Illustration of two scenes: the first is of a woman working at a computer on a long desk with a potted plant beside her. The second scene is of a woman in a nursery reading a book to two small children.

Illustration by Emily May Rose

Office space with benefits

Tired of trying to meet deadlines during naptime? Co-working with childcare may be just what you need

Working from home as a mortgage broker while looking after two small children, Camille Robotham used to fantasize about time. “I would think, ‘If I had two or three hours to just do my work without any interruptions, I would be so happy.’”

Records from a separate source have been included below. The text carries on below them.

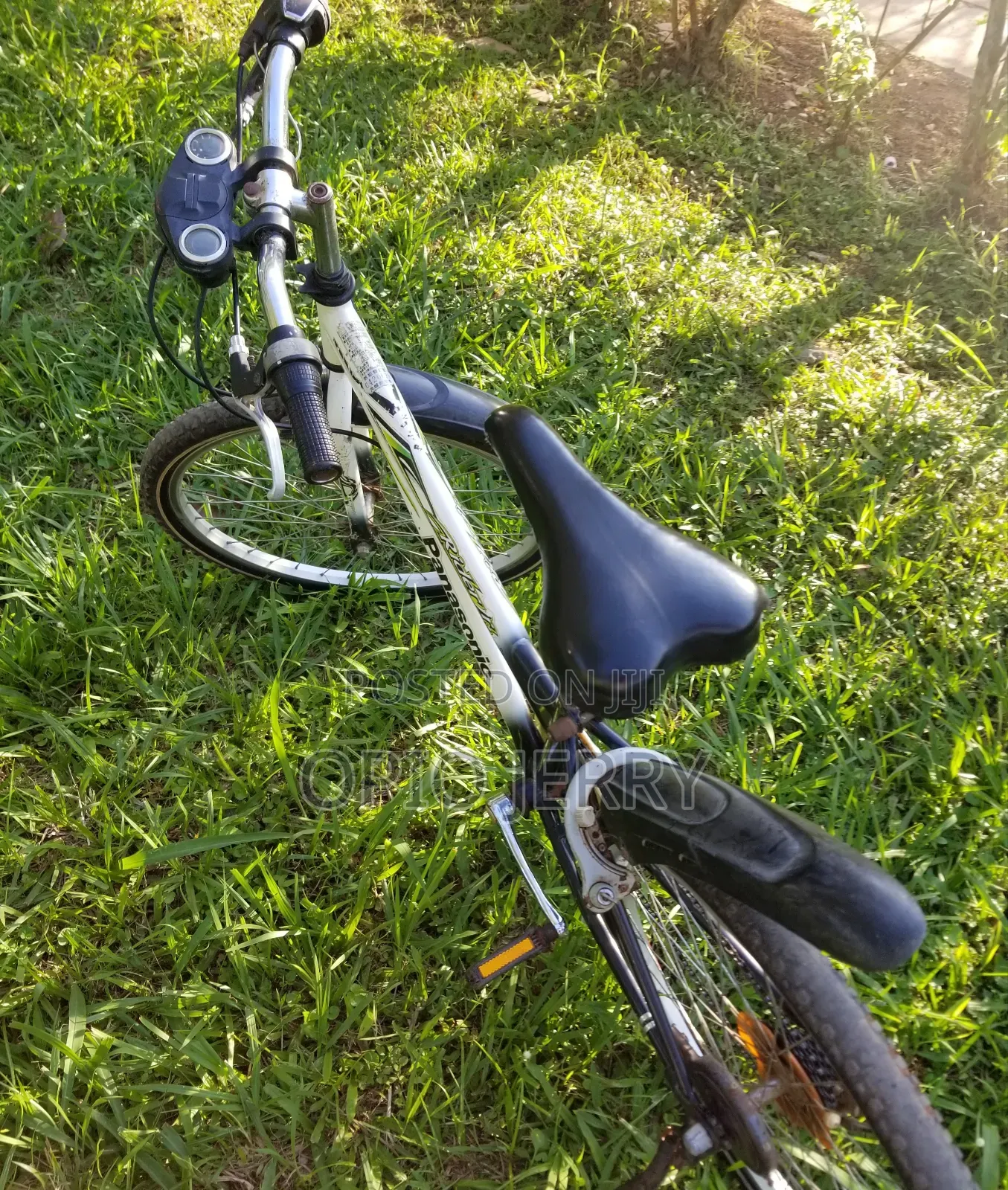 Sports Bicycle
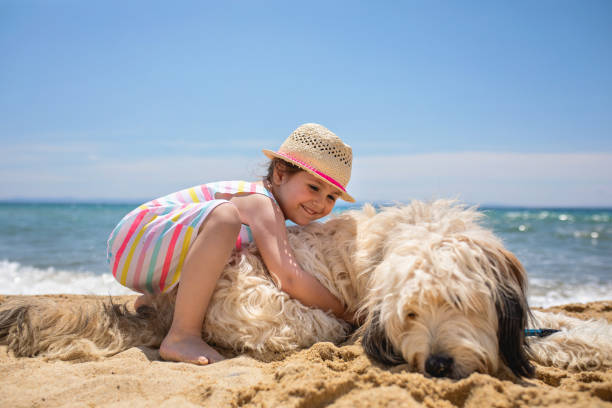 istock Summer is always more fun with a friend 1155728453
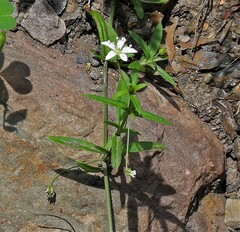 Arenaria lanuginosa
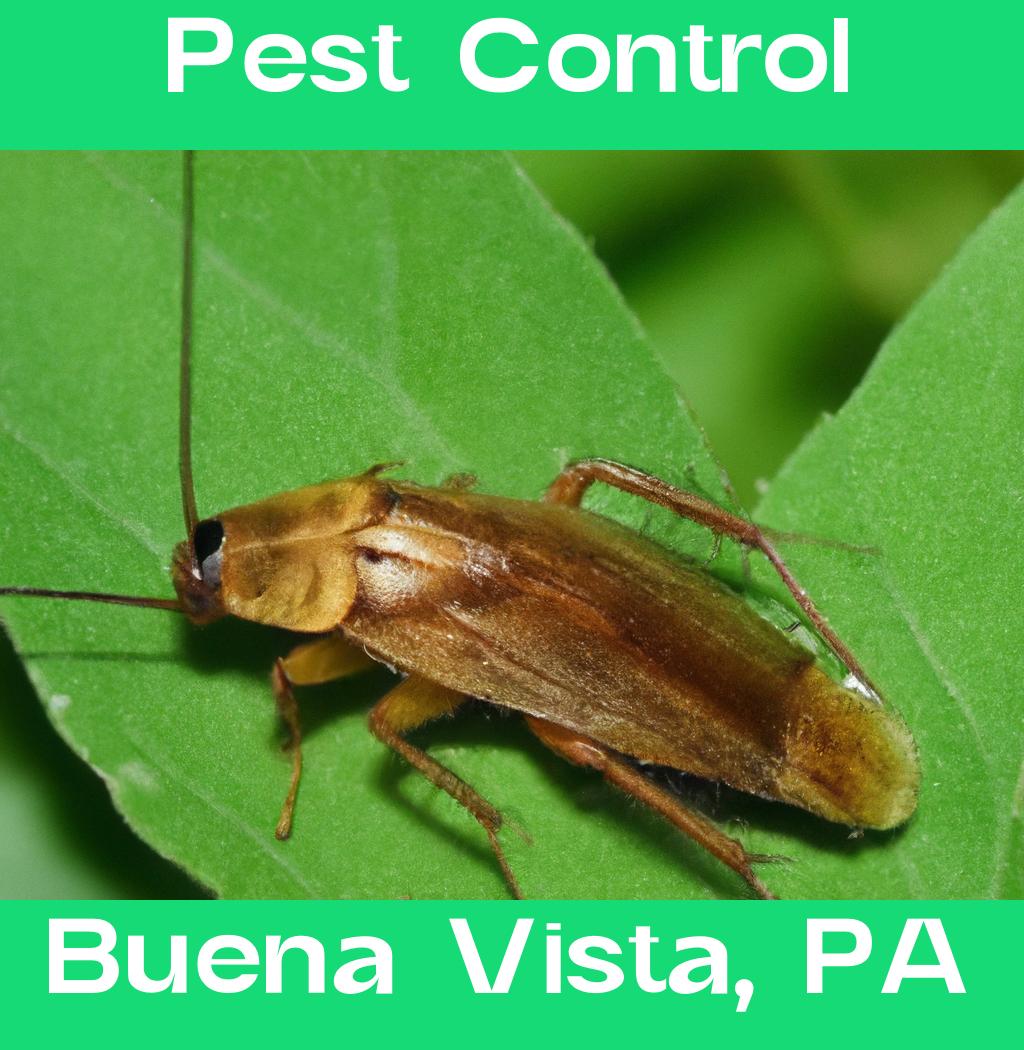 pest control in Buena Vista Pennsylvania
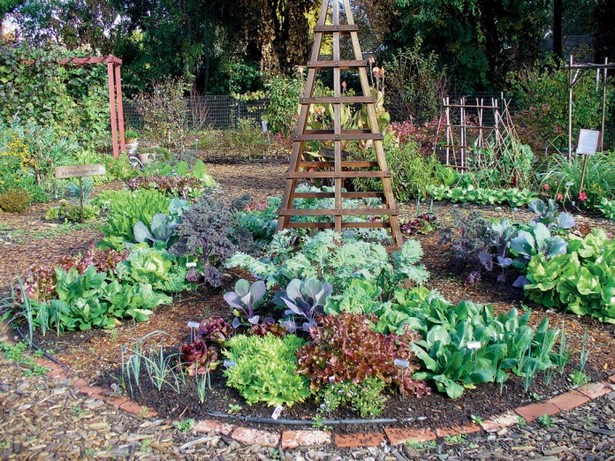 edible-garden-ideas-82_6 Идеи за ядливи градини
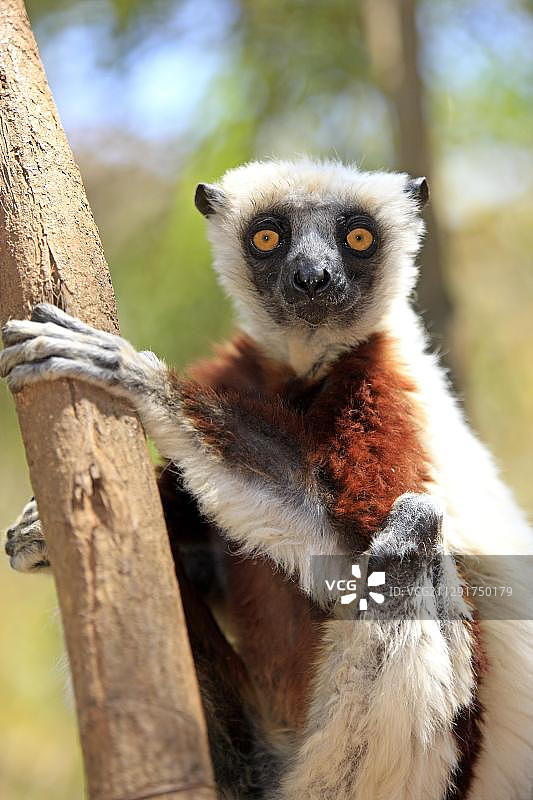 captive, Berenty Reservat, Madagascar, Africa图片素材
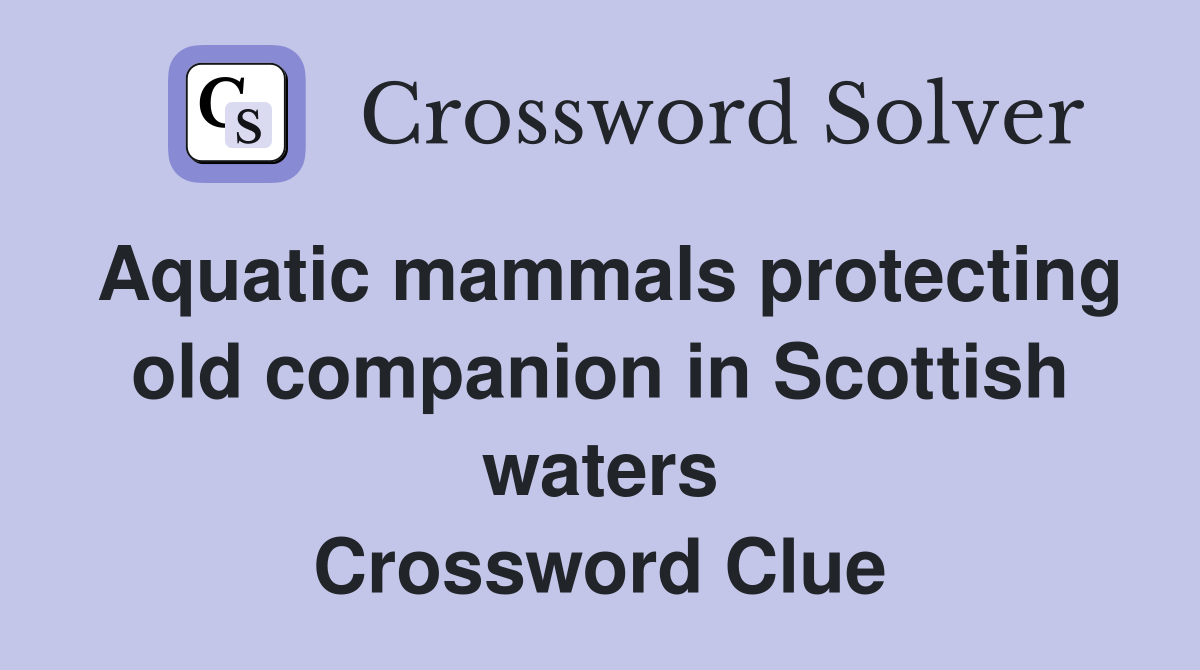 Aquatic mammals protecting old companion in Scottish waters Crossword Clue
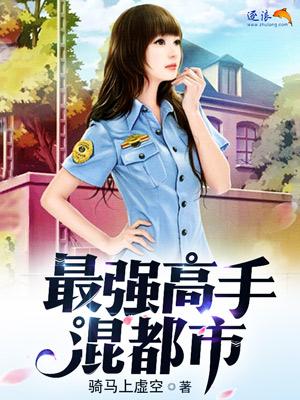 最强高手在都市境界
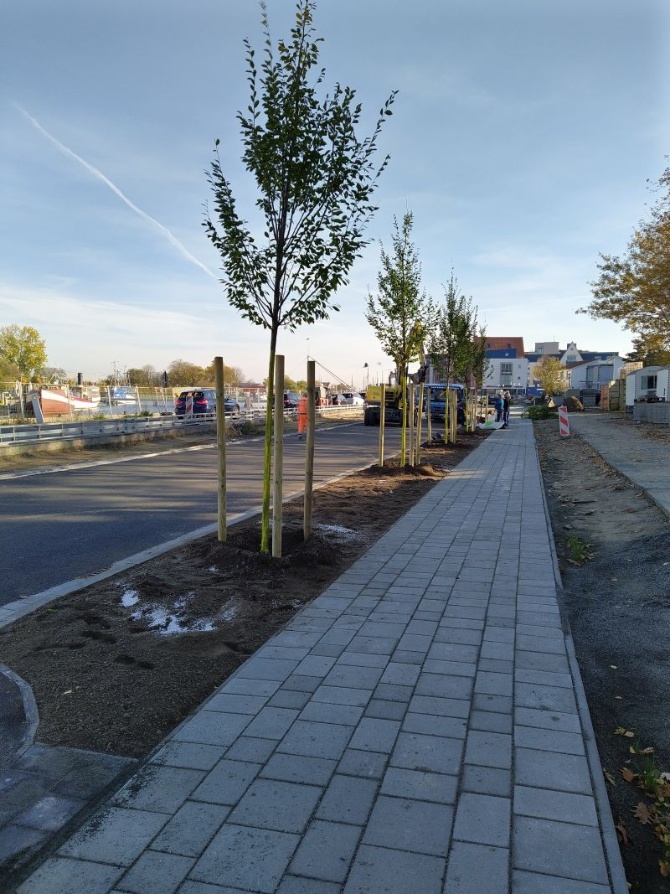 211028-Baumpflanzung Bild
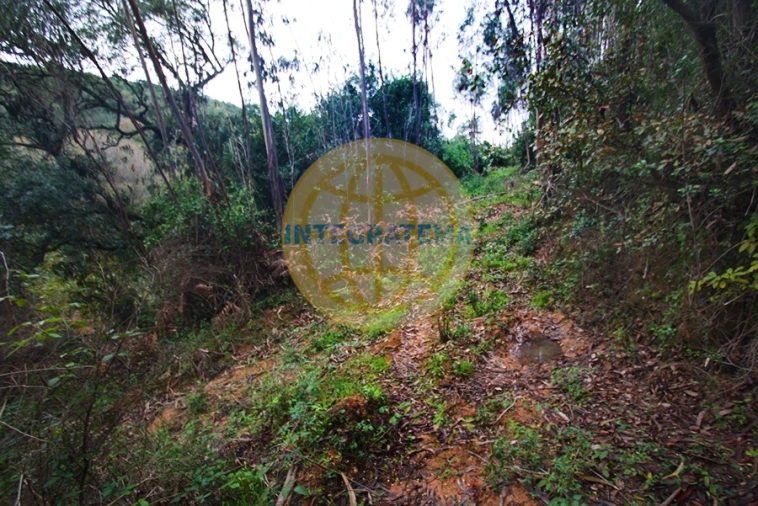 Quinta para Venda em Amoreira Foto 21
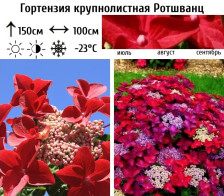 Гортензия крупнолистная Ротшванц Н25-30 С3,6 ВГ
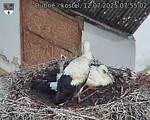 Capi_Dubne_20250712_075502.jpg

She longed for a place where someone could watch her kids, spur-of-the-moment, while she caught up on work emails. Around that time, she and her husband bought a townhouse that they planned to use as a rental income property. But then Robotham looked around at the brightly lit rooms and realized the space would be perfect for a co-working-meets-childcare service. And thus, Work & Play was born.

The co-working site, which lets parents book three-hour time slots, opened in Brampton late last year. Parents (so far only moms have used the space) work downstairs while kids are supervised in the large playroom upstairs. “I’ve had moms who have been writers, entrepreneurs, dietitians, photographers—it really varies,” Robotham says.

Jadey Nugent, a dietitian who works for a network marketing company, recently used the space for an event. “There’s a well-stocked kitchen and you can have a cup of tea and centre yourself,” she says. “You can meet clients there. Your kids are close by if they need you. You can breastfeed.” She likes that it’s pay-as-you-go, unlike daycares, which charge flat fees for the month. The idea is to make it accessible to anyone. “Sometimes you have income coming in, and sometimes you don’t,” Nugent says.

“Women don’t necessarily have the luxury of taking a few years off and just seamlessly going back to their industries.”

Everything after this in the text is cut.